## What is expected
Please reproduce all of the listing below exactly and drop its images.

## Data segment
----

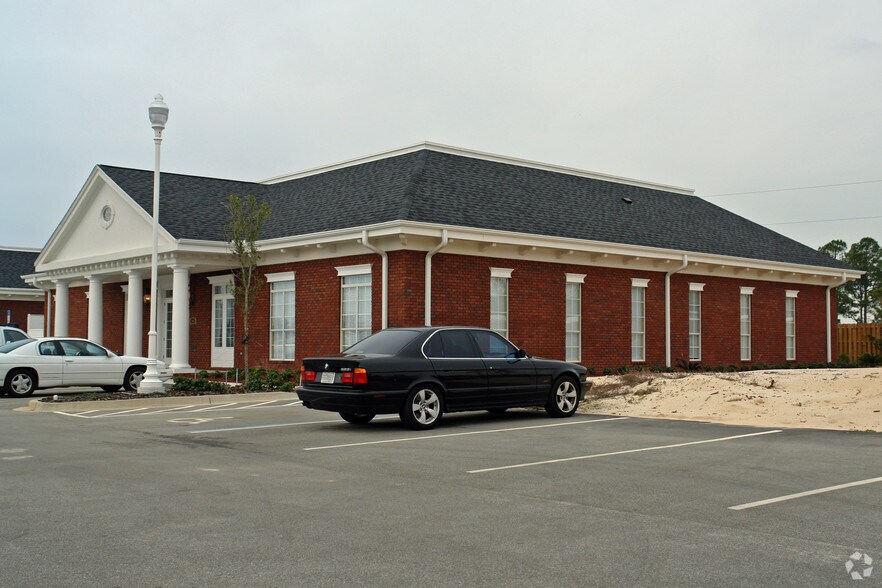 More Photos Of 2053 Fountain Professional Ct, Navarre Medical For Sale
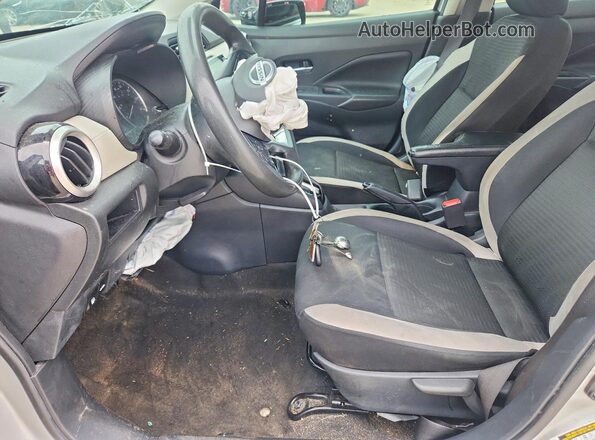 3N1CN8EV6LL881850 2020 NISSAN VERSA Серебряный Вид салона спереди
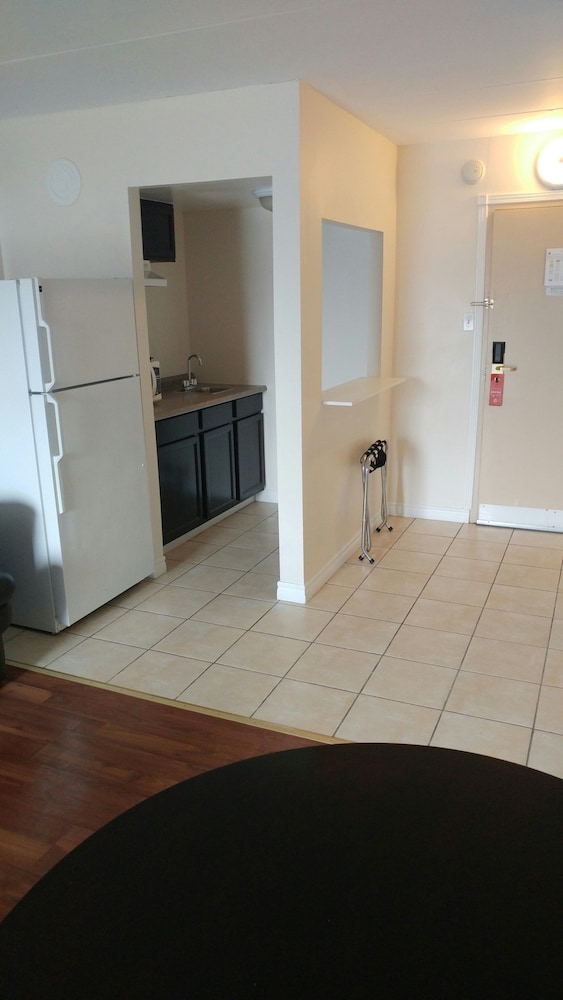 Super 8 by Wyndham Cambridge/Kitchener/Waterloo Area 9/33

----

## Solution
 More Photos Of 2053 Fountain Professional Ct, Navarre Medical For Sale
 3N1CN8EV6LL881850 2020 NISSAN VERSA Серебряный Вид салона спереди
 Super 8 by Wyndham Cambridge/Kitchener/Waterloo Area 9/33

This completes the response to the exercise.